On March 1, 1996, KTIM became KBSZ, call letters then in use by the sister FM station. [15] However, the FM flipped to country music soon after, using the call letters KSWG. [16]
The next year, Circle S sold KBSZ to SBD Broadcasting. Four years later, SBD sold the station to Richard (Pete) and Joann Peterson. The Petersons relaunched the station with entirely local programming, including Wickenburg High School football games. [17]
On November 7, 2007, the Petersons filed to move KBSZ's transmitter and city of license from Wickenburg (about 60 miles northwest of downtown Phoenix) to Apache Junction (35 miles east of downtown Phoenix). The move was accompanied by a frequency change to 1260 kHz.
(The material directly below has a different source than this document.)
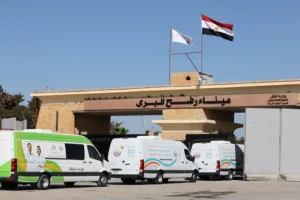 إسرائيل تعتزم فتح معبر رفح الخميس بشكل جزئي بعد إغلاق دام 3 أسابيع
The switch to 1260 AM allowed it to broadcast around the clock. A month later, the station was sold to 1TV.com, Inc., owned by John Low.
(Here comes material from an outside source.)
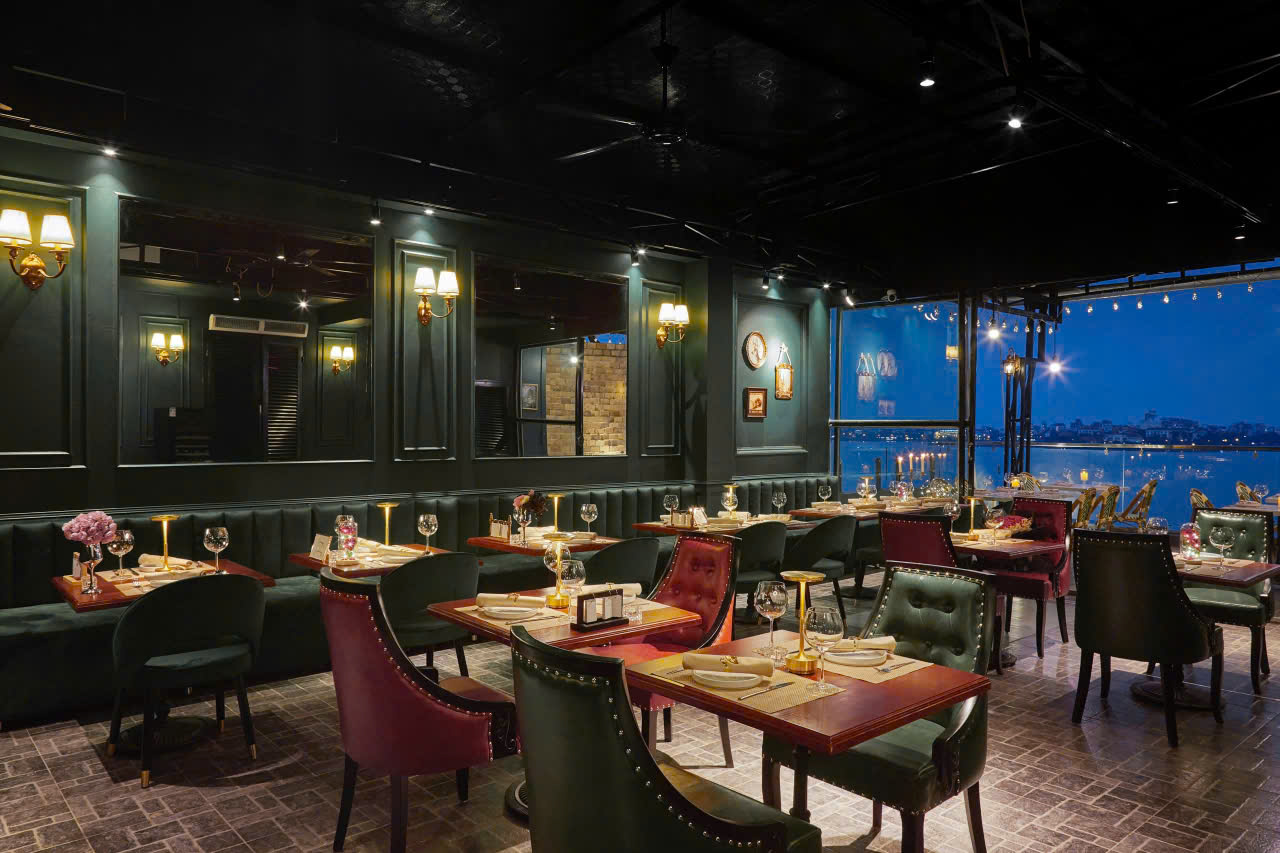 La Libra Steak House West Lake photo 7 in Thao Dien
In 2010, KBSZ signed on from its new Apache Junction location with a Classic Hits/Oldies format targeting the residents of Phoenix's growing eastern suburbs. [18] After only four months, the station adopted a talk radio format on Sept. 7. [19] It was the first radio station on the frequency in Pinal County since KFAS Casa Grande signed off in the mid-1990s.
After a short time as a talk station, KBSZ flipped to an all-comedy format. It used a syndicated comedy programming service known as "24/7 Comedy." When the network ceased operations, the station wanted to keep its comedy format, so it switched programming to "Today's Comedy." In 2012, KBSZ was issued a U.S. Federal Communications Commission construction permit to increase its daytime power to 4,500 watts from its previous 3,500 watts. [20]
Around July 1, 2019, KBSZ fell silent without any explanation. On July 8, 2019, the station posted a message on its website that KBSZ had ceased broadcasting the comedy format "due to circumstances beyond our control." It would soon be simulcasting sister station KIKO-FM's oldies format. [21]
After nearly two weeks of broadcasting with dead air, KBSZ returned with a classic rock format named "The Rattler". The programming is largely automated. The station carries the weekly syndicated program "Floydian Slip," focusing on the music of Pink Floyd.